### Work request
For the data below, give again exactly the lines from the one containing "Second-hand Ford Galaxy" through the one containing "Εκθεση Συμμόρφωσης: Εκλεισαν", both ends included, and no others.

### Data supplied

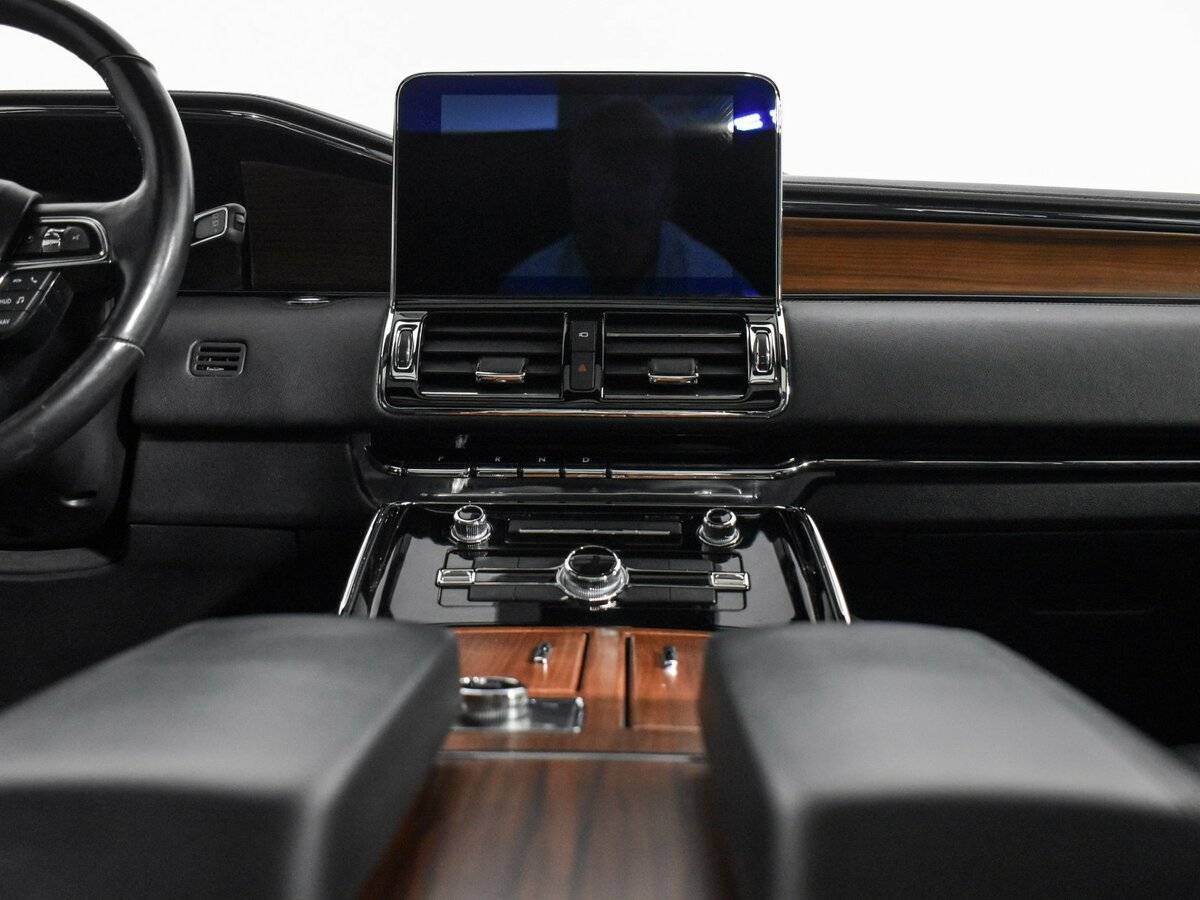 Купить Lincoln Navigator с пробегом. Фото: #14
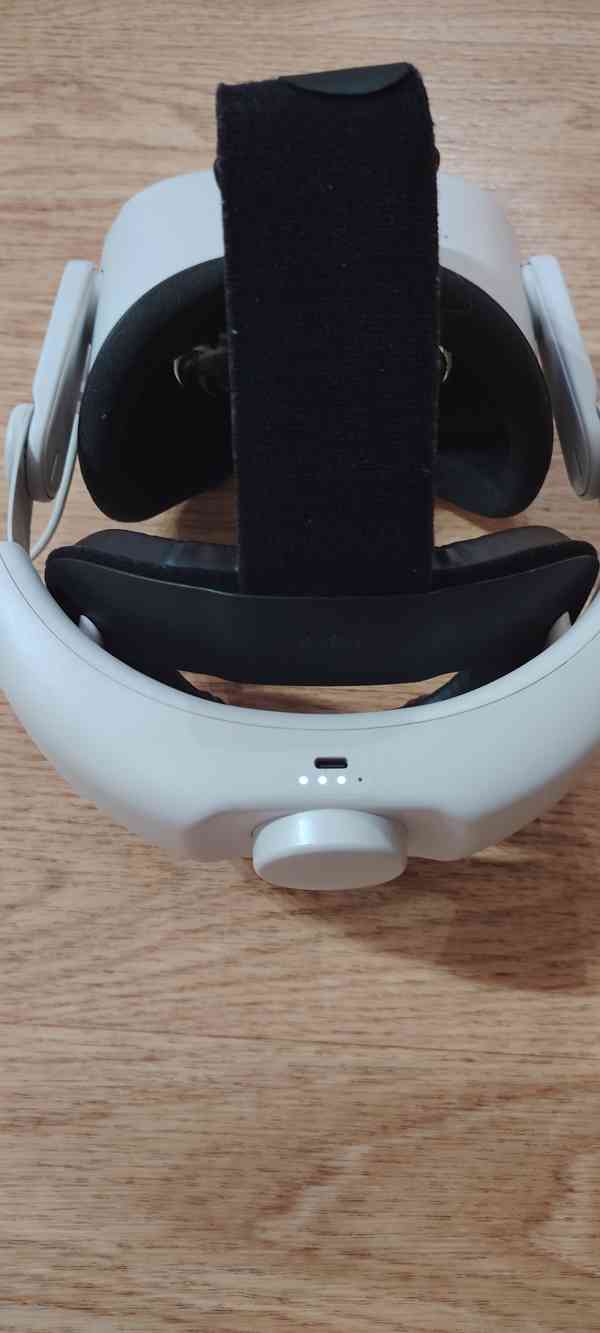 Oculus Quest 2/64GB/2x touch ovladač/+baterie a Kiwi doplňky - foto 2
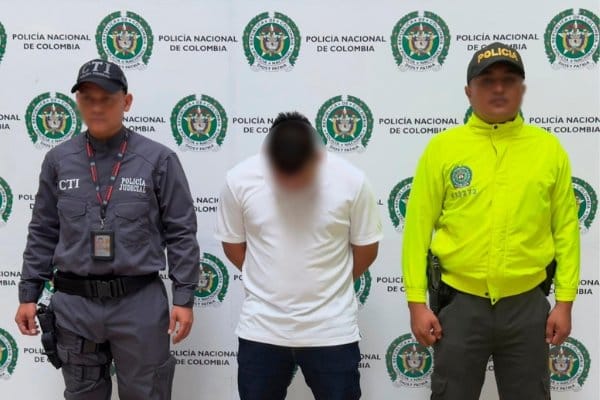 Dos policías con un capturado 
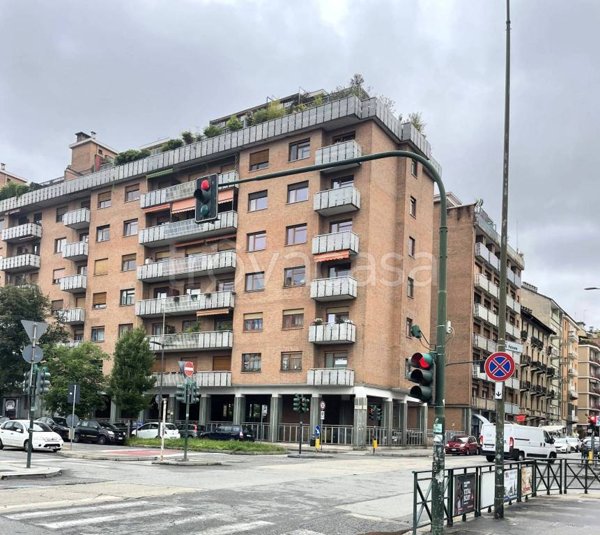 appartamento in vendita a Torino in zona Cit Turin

==

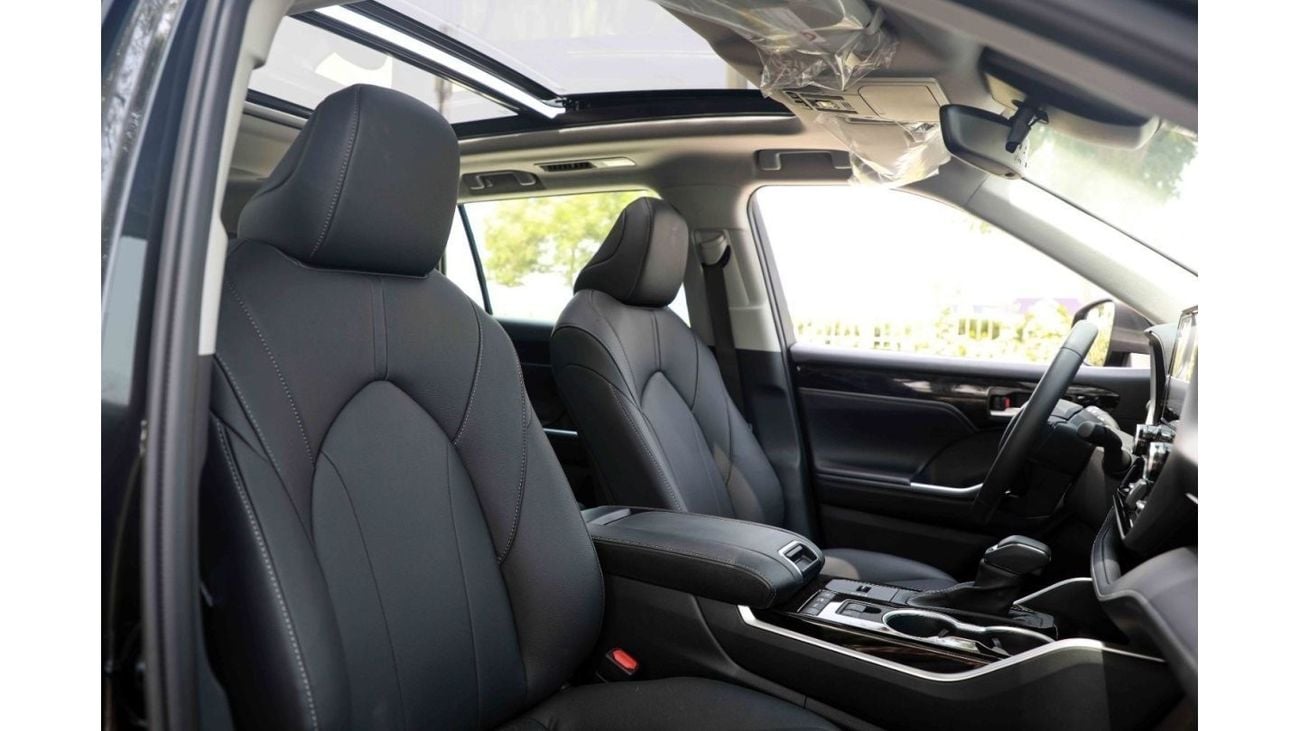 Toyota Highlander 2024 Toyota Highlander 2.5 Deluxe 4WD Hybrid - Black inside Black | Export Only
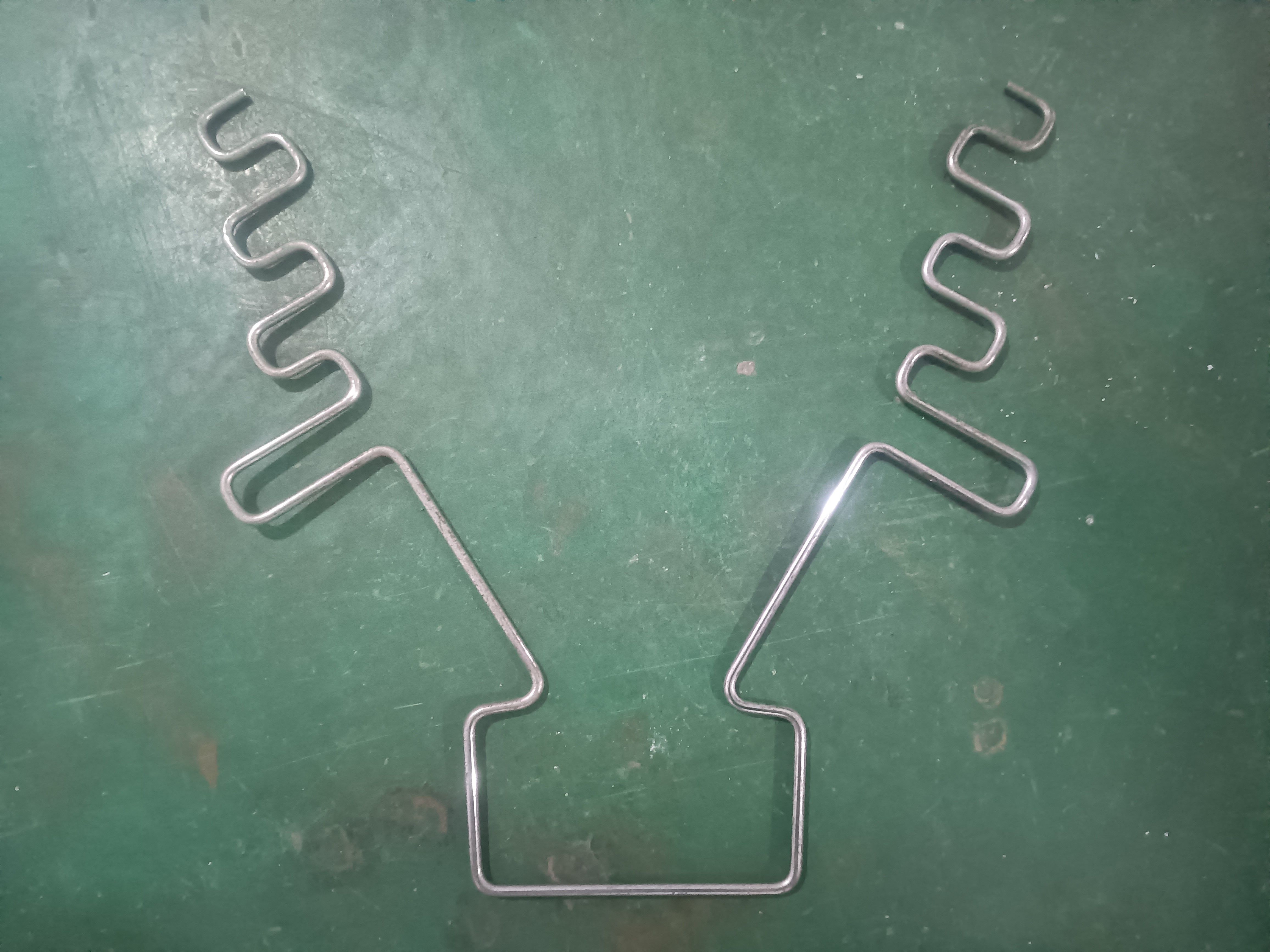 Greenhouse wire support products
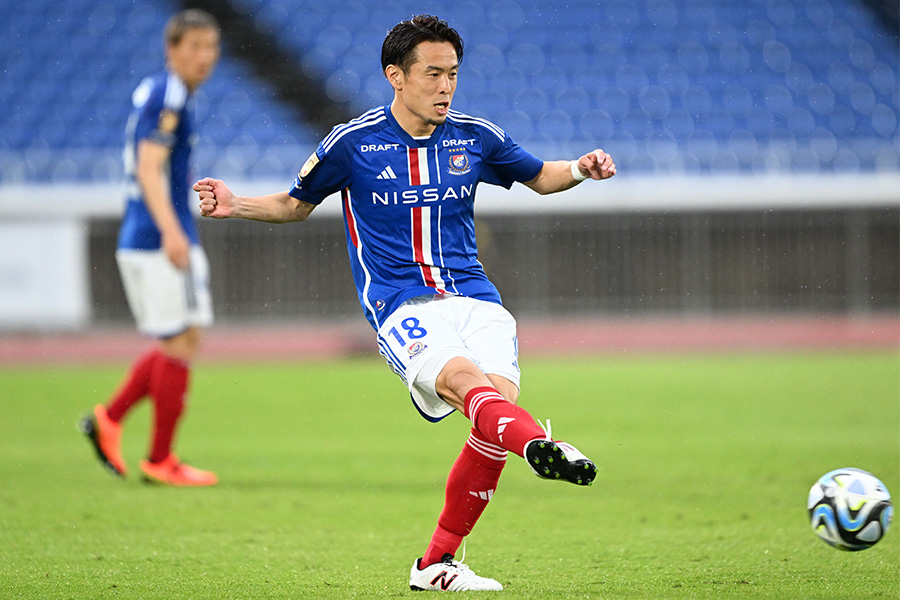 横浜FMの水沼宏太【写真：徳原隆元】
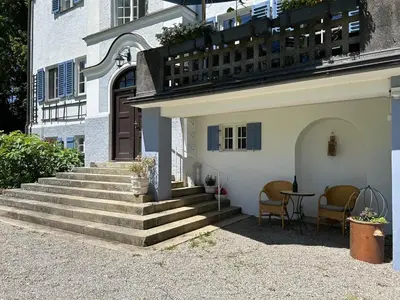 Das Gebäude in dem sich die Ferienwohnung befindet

--

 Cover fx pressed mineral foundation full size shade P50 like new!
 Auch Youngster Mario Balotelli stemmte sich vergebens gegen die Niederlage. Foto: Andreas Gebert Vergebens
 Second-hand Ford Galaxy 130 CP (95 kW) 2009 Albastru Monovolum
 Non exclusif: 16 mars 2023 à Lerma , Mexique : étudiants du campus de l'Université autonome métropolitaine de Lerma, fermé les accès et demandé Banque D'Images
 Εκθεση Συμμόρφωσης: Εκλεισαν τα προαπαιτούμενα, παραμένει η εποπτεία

### Expected answer
 Second-hand Ford Galaxy 130 CP (95 kW) 2009 Albastru Monovolum
 Non exclusif: 16 mars 2023 à Lerma , Mexique : étudiants du campus de l'Université autonome métropolitaine de Lerma, fermé les accès et demandé Banque D'Images
 Εκθεση Συμμόρφωσης: Εκλεισαν τα προαπαιτούμενα, παραμένει η εποπτεία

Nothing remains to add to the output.